๐งฎ Can You Afford Gulfport? Interactive Calculator
Income Reality Check
Can you actually afford Gulfport?
Great! At 17.9%, this mortgage falls within healthy financial limits. You have strong purchasing power in Gulfport.
๐ฐ Investment Thesis
Cash Flow
Cash flow is the primary driver in Gulfport due to the neutral appreciation environment. With a rent of $923 and a purchase price of $196,725, investors must secure favorable financing to achieve positive cash flow. The 15.8x P/R ratio requires careful underwriting; however, the low Risk rating of A suggests stable tenancy and lower volatility in operating expenses. Investors should focus on minimizing acquisition costs to improve the cap rate.
House Hacking
House hacking is a viable strategy in Gulfport. The affordability score of 50 indicates that entry-level properties are accessible. By purchasing a multi-family or a single-family with a spare room, an owner-occupant can offset the mortgage with the $923 market rent. This strategy mitigates the risk of the 6.9 months of supply by reducing holding costs and providing an exit strategy if the market softens further.
Target Investor
The ideal investor for Gulfport is a Buy-and-Hold player focused on cash flow rather than speculative appreciation. With an Investor score of 50, the market is neutral for pure investment, but the low entry price point of $196,725 allows for portfolio diversification without heavy capital deployment. This market suits patient investors who can weather the current 42 day DOM and negotiate aggressively to secure deals below asking price.

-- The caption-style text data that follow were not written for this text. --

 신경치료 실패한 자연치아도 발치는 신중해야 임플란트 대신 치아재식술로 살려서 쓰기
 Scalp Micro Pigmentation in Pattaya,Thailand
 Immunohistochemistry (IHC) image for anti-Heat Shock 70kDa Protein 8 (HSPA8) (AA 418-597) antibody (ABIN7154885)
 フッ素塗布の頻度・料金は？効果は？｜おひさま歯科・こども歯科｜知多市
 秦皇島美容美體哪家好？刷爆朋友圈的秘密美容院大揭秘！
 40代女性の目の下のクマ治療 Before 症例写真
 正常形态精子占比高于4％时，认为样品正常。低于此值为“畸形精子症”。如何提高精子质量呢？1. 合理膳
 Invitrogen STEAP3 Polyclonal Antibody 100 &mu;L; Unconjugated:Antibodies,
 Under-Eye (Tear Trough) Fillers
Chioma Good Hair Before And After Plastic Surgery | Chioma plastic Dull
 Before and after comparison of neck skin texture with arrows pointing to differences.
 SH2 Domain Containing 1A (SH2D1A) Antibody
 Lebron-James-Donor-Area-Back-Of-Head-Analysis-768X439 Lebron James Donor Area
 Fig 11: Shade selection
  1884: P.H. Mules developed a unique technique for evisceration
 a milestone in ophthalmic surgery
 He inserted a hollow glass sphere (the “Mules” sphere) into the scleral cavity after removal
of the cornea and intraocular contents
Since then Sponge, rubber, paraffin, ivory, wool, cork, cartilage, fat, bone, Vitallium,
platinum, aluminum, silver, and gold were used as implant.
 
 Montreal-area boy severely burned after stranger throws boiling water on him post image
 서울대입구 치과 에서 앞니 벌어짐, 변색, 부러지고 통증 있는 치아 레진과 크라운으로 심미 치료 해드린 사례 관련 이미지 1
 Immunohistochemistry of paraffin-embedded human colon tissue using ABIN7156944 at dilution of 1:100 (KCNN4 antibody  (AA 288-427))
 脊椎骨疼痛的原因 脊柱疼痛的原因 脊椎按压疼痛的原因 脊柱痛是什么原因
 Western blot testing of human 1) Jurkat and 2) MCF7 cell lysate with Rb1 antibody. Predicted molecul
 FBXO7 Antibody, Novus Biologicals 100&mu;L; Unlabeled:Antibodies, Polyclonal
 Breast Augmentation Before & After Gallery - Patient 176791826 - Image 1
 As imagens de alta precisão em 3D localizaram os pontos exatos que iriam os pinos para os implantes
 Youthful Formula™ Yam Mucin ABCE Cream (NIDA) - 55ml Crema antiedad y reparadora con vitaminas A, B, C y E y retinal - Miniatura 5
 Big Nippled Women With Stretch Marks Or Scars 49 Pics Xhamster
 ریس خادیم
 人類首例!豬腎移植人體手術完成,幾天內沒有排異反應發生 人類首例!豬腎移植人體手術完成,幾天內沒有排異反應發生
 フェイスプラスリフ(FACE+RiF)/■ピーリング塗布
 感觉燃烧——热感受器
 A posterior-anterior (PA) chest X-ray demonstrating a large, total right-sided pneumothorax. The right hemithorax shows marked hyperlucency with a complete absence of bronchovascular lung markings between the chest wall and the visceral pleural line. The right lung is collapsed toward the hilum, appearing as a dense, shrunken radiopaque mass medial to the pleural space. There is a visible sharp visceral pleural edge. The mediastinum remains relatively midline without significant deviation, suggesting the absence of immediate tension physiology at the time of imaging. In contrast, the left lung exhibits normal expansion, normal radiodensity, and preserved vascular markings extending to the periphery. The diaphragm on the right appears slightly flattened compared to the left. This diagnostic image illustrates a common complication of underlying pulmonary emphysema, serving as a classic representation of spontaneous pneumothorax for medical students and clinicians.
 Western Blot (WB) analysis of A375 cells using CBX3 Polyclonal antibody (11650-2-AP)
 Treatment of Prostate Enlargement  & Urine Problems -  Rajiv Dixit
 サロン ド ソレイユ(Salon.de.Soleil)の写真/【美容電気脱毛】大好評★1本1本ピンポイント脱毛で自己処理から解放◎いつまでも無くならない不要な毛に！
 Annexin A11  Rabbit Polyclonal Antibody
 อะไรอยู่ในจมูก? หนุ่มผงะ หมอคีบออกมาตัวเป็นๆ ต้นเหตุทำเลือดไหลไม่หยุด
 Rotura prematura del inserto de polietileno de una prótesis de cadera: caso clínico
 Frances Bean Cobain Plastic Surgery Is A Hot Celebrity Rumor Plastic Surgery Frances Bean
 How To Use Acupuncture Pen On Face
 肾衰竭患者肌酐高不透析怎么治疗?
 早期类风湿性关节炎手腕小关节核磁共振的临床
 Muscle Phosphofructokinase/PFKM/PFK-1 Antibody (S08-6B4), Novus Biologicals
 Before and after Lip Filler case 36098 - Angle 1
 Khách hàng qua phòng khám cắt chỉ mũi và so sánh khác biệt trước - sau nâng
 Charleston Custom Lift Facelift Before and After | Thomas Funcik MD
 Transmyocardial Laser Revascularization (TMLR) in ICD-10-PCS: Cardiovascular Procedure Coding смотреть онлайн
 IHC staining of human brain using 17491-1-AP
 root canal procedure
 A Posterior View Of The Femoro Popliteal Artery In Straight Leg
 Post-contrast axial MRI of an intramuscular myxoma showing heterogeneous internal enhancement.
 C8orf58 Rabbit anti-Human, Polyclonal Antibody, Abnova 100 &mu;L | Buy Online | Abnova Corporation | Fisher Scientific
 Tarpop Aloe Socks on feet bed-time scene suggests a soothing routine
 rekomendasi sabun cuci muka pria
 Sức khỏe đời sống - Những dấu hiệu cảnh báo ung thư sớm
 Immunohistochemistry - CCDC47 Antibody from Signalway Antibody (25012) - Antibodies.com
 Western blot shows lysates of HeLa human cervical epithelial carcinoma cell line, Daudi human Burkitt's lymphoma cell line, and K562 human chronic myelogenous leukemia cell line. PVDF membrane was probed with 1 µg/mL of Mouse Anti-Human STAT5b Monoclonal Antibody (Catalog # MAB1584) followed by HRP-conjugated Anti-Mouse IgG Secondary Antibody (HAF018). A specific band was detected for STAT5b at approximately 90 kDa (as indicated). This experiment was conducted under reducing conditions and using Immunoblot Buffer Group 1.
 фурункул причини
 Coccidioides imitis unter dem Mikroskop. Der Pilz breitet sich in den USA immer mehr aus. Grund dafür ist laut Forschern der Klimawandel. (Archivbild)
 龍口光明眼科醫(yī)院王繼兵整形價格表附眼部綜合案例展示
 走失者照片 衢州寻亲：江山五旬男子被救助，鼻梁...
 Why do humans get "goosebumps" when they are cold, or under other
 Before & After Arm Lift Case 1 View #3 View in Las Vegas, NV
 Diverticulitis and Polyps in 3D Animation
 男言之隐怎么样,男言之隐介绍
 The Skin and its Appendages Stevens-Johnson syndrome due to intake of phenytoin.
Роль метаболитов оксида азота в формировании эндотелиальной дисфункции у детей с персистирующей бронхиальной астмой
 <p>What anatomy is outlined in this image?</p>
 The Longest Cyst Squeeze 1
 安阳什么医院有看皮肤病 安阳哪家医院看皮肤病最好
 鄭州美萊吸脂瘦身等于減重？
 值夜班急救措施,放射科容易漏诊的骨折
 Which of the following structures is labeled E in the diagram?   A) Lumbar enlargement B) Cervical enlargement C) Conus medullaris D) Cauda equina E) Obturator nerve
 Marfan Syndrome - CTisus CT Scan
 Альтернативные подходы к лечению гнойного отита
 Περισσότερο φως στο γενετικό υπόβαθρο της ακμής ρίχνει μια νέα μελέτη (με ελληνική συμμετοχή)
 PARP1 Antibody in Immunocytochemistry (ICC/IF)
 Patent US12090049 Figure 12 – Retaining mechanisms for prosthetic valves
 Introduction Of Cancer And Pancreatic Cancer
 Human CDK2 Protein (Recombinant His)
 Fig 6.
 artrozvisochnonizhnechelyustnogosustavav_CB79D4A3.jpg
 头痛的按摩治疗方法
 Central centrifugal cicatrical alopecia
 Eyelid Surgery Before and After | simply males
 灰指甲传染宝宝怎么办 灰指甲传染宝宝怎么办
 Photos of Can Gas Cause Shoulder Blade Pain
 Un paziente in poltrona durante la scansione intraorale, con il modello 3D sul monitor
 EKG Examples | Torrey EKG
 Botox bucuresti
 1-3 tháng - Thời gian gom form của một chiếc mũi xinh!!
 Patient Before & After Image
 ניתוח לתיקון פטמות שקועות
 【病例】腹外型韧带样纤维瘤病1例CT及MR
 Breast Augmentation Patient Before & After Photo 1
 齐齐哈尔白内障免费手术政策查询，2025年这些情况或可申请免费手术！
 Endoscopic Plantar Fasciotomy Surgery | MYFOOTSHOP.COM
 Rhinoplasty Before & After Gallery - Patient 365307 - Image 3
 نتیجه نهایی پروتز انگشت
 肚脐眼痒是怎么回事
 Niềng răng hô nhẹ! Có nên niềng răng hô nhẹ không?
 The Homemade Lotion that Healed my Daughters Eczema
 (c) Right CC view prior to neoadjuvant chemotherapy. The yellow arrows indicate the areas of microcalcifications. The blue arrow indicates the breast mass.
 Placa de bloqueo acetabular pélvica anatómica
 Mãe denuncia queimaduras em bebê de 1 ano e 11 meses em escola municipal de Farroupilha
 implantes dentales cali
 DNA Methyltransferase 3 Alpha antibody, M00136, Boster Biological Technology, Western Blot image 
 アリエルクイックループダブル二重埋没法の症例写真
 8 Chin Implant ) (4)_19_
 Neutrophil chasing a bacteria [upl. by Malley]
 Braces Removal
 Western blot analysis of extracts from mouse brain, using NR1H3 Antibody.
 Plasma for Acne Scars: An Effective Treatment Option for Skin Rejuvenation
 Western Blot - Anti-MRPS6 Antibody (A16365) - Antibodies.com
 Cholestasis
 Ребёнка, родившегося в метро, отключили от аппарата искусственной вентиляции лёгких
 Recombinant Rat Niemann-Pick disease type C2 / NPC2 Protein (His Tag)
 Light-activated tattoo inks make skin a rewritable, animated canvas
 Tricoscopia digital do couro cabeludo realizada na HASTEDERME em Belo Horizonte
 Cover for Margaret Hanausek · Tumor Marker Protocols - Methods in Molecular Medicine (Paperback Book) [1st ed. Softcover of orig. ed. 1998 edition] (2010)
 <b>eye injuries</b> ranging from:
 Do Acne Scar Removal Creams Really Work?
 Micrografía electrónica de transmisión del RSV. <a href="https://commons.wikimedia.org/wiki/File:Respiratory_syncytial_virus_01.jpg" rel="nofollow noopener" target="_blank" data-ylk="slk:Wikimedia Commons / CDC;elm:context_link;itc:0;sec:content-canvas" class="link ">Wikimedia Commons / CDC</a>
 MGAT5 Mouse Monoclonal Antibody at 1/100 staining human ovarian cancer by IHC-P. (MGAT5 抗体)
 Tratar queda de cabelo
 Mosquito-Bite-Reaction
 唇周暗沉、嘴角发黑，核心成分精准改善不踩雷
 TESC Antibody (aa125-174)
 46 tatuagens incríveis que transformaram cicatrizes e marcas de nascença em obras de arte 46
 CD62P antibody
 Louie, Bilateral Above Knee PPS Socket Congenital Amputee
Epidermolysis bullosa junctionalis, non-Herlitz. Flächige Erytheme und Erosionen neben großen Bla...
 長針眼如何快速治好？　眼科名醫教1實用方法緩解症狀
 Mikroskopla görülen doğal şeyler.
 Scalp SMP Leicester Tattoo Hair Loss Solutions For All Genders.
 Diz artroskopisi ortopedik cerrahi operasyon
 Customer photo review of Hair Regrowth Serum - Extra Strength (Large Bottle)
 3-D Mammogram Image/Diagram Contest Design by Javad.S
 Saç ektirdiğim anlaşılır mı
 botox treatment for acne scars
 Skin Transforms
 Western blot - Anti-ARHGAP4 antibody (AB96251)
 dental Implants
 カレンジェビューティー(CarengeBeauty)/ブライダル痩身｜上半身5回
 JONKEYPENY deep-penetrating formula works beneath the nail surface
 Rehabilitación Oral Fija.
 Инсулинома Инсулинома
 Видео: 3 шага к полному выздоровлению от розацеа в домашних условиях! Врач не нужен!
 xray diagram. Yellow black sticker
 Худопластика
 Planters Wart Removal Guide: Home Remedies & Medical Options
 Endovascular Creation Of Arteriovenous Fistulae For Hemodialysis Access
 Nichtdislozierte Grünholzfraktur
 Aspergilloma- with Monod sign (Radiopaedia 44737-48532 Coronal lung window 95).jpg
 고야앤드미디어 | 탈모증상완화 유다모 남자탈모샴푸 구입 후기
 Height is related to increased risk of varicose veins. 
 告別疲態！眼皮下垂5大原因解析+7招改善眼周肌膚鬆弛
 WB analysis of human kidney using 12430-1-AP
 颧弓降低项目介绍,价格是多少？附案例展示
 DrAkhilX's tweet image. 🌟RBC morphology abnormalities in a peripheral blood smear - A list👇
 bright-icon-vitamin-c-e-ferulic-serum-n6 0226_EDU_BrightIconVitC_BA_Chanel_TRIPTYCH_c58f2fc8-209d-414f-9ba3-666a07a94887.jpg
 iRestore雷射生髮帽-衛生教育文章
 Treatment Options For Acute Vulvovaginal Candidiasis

๐๏ธ House Hacking Calculator Interactive Calculator
House Hacking CalculatorOwner-Occupied Multi-Fam
๐บ๏ธ Neighborhood Breakdown
Entry-Level
Entry-level neighborhoods in Gulfport are defined by the median price point of $196,725. These areas are seeing the most activity from first-time homebuyers and cash-flow investors. However, with 26.9% of listings experiencing price drops, sellers in this tier are under pressure. Inventory is high, giving buyers the upper hand to inspect and negotiate. These areas offer the best potential for cash flow due to lower acquisition costs.
Mid-Range
The mid-range segment is experiencing slower movement, aligning with the overall 42 day DOM. Properties in this bracket are likely to be more updated or in established subdivisions. The 95.9% sale-to-list ratio suggests that mid-range sellers are holding firm on price but are eventually forced to concede. This segment is less volatile but offers lower cash-on-cash returns compared to entry-level due to higher absolute prices.
Premium
Premium properties in Gulfport face the toughest headwinds due to the loose supply conditions. With 6.9 months of supply, luxury inventory sits longer, leading to higher price reduction probabilities. Buyers in this segment have significant leverage and can demand concessions. Appreciation potential is lowest here in the short term, making it more suitable for lifestyle buyers rather than investors seeking immediate returns.